Alex: Purtroppo la piaga del pay-to-play è sempre più diffusa e, da quello che ho sentito, sta prendendo sempre più piede anche quella del pay-to-publish. Etichette che non producono più attivamente il disco, ma pubblicano (cioè si limitano a stampare) praticamente qualsiasi cosa gli arrivi, purchè sia già tutto fatto dal gruppo: registrazione, mixaggio, grafiche del libretto, etc. Naturalmente dietro adeguato compenso. Questo, però, porta a saturare un mercato già pieno e, a sentire alcuni, pesantemente minato dalla pirateria. Voi in che posizione siete di fronte a questa situazione? Paghereste per pubblicare lo stesso? E il file-sharing è più un danno per le band o un veicolo per farsi conoscere?
 
Eversin (Ignazio): Ormai chiunque può dare alle stampe un disco, basta avere un computer con una buona scheda audio e sapere smanettare un po’ con qualche programma. Nascono gruppi come funghi, che dopo un anno muoiono nell’indifferenza della gente. Noi prima di decidere di incidere qualcosa abbiamo fatto anni di gavetta, imparando a suonare in primis da soli, e poi imparando a suonare insieme. Oggi il primo figlio di papà pieno di soldi che decide di emulare i propri idoli può acquistare un mega PC e farsi lo studio a casa propria. Poi per portare in giro la propria “arte” può sempre pagare qualcuno per farsi produrre il disco ed in seguito può anche optare per pagare qualcun altro per salire su un palco. Sapessi quanti gruppi italiani adottano questo metodo… e poi ci ritroviamo con gente che dopo aver pubblicato un demo o un MCD fa tour in Europa… Chiedetevi il perché, no? Band che dopo pochi mesi muoiono nella più totale indifferenza, ma che hanno riempito il mercato di merda. Esempio lampante è il revival del thrash… Ottima cosa per carità, ma il panorama è stracolmo di band tutte uguali, prive di un minimo di personalità che fottono i riff ai Sodom, ai Kreator o ai Testament, per poi spacciare il plagio come tributo al passato… E’ facile mascherare la mancanza di idee con il tributo al passato. Si può dire tutto degli EVERSIN, tranne che non abbiamo la nostra personalità. C’è gente che ci ama e ci vede come una band unica ed innovativa, altra gente invece che ci critica sempre e comunque gettandoci addosso gratuitamente chili di merda, ma nessuno ci resta indifferente… Evidentemente  lasciamo il segno. 

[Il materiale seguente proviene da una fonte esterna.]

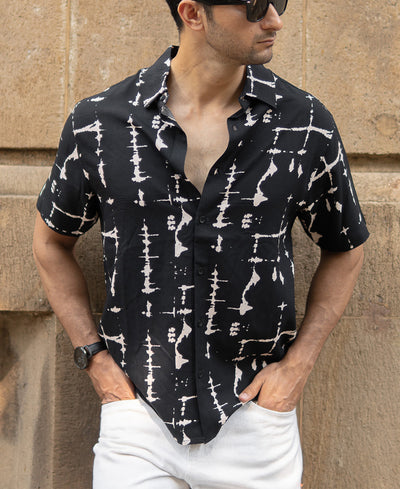 Black Abstract Tie Dye Print Shirt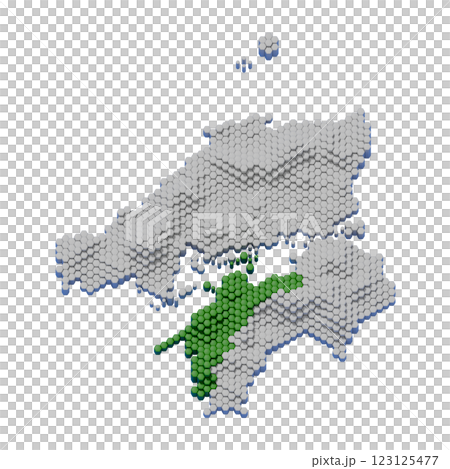Honeycomb structure of Ehime Prefecture relief map 123125477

Tornando alla tua domanda… Il file sharing potrebbe, e dico potrebbe, essere un buon mezzo per farsi conoscere, ma in tutta onestà io continuo a preferire l’acquisto del cd, con il booklet, il disco fisico e tutto ciò che concerne. Il vero amante della musica non si limita ad ascoltare ma va oltre, vivendo la musica…
 
Alex: Direi che questo è tutto. Vi ringrazio per la bella chiacchierata e vi lascio l’ultima parola per un saluto ai nostri lettori.
 
Eversin (Ignazio): Grazie a te Alex, per il supporto che ci hai dato nel corso degli anni… Grazie a TrueMetal.it per averci sempre “ospitato” sulle sue pagine. Un saluto ai vostri lettori. A presto.
(Giangabriele): A presto e mi raccomando… Supportate il vero Metal Italiano, supportate EVERSIN.